Mike wrote back immediately.
CAROLINE IT’S 4 A.M.
DON’T ASK ME ABOUT YOUR WEIRD SEX LIFE
I NEED MY BEAUTY SLEEP
I knew Mike wasn’t sleeping. He would be up. My brother was always up. I messaged back:
Don’t lie. I know you’re watching YouTube videos about miniature horses.
My phone buzzed again, four times in quick succession.
Mike couldn’t keep all his thoughts to one message any more than he could write in lowercase. Every message from him looked like a ransom note.
NO I’M NOT
NO TIME FOR MINIS
I’VE PICKED UP SOME MILKING WORK FOR A FEW WEEKS
LEAVING HERE IN TWENTY
This information settled over me like a lead blanket. When things at the café were especially tight, Mike took on a second job on a nearby dairy farm. He had to be up at four a.m. every day, as work started at five, and it was backbreaking labor. Not to mention it didn’t pay that well and Mike hated it.
Meanwhile, I was at a downtown NYC party, wearing Louboutins and crying because I had a crush on a man who was handsome, kind, and saidfuckin a way that made me shiver.
How’s milking going?
He replied quickly.
HODGES IS AN ANNOYING CUNT
Despite myself, I laughed.
Americans never used that word, and I missed it.

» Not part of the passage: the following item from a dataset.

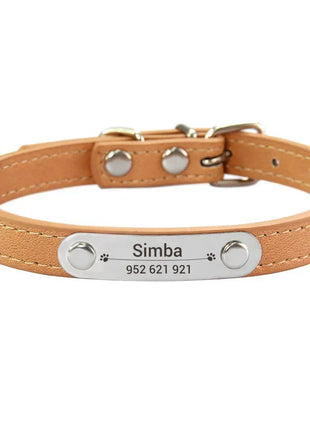 Personalized Dog Collar Name Carved ID Anti-lost Solid PU Leather Collar For Small Medium Large Dogs Puppy Cat Pet Supplies Pink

Once, a few months into rooming together, I’d called Lyssa a good cunt—the highest compliment known to my people. She’d gone into a state of shock and it had taken hours of talking and calling other New Zealanders for backup to get her to understand that I had a different relationship to that word than people here. I hadn’t risked it since. If Lyssa didn’t want the honor of being called a GC, she didn’t want it. I could respect that even if it made me feel homesick.
Mike lit up my phone again.
IF I MURDER HODGES, PROMISE U WILL VISIT ME IN PRISON
BRING CIGS 4 TRADES
I texted Mike some choice words to relay to Brent Hodges—the farmer we’d known since childhood had an embarrassing mishap with a gravy boat once and I was the sole witness—and promised to bring him cigarettes in prison.
Then I did what I always did. I pushed my guilt down, down, down, where it mixed with sadness in a kind of a feelings soup, and got on with the show.
My crush on Chase was contextual; it wasn’t real. I was a very sexual person, and we weren’t sexually compatible. I liked good guys, but I also liked being bent over a table and railed. So there.
Chase was a decent enough guy, but he didn’t have the range.
As long as I remembered that I could stay the course.
CHASE
Anna tookthe news I didn’t want to see her again well, all things considered. She was surprised, and I probably should have gotten through the night and sent an I-think-we’re-better-as-friends message tomorrow, but I couldn’t. It felt wrong to be sitting here with a date when I couldn’t stop staring at another woman, thinking things like, ‘Mine, fuck off.’
I apologized profusely and Anna left gracefully, accepting my offer to call her a cab.